## Activity
Once the line containing "Vintage McGregor Knit" is reached, copy it and every line after it exactly, to the end of the material, without pictures.

## Data shown

┄┄┄┄┄┄┄┄┄┄

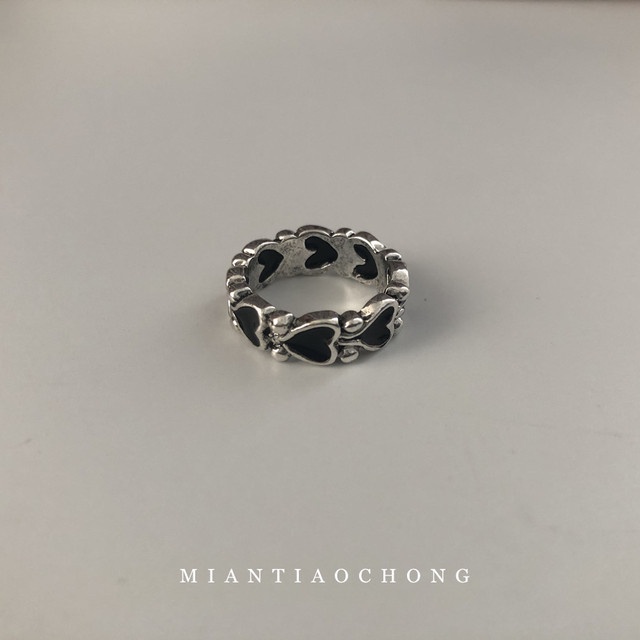 2pcs / Set Cincin Silver Desain Hati Hitam Untuk Wanita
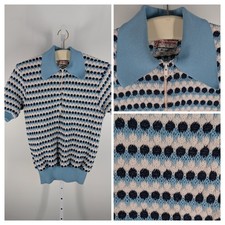 Vintage McGregor Knit Shirt Polo 60s 70s Mod Geometric Blue White Popcorn XL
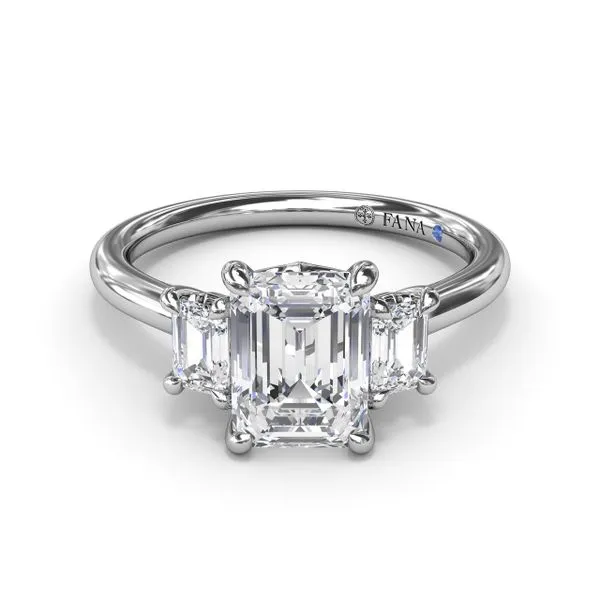 Fana 14K White Gold Three Stone Semi-Mount with Two Emerald Cut Diamonds .40tcw Steve Lennon & Co Jewelers  New Hartford, NY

┄┄┄┄┄┄┄┄┄┄

## Result of the task
 Vintage McGregor Knit Shirt Polo 60s 70s Mod Geometric Blue White Popcorn XL
 Fana 14K White Gold Three Stone Semi-Mount with Two Emerald Cut Diamonds .40tcw Steve Lennon & Co Jewelers  New Hartford, NY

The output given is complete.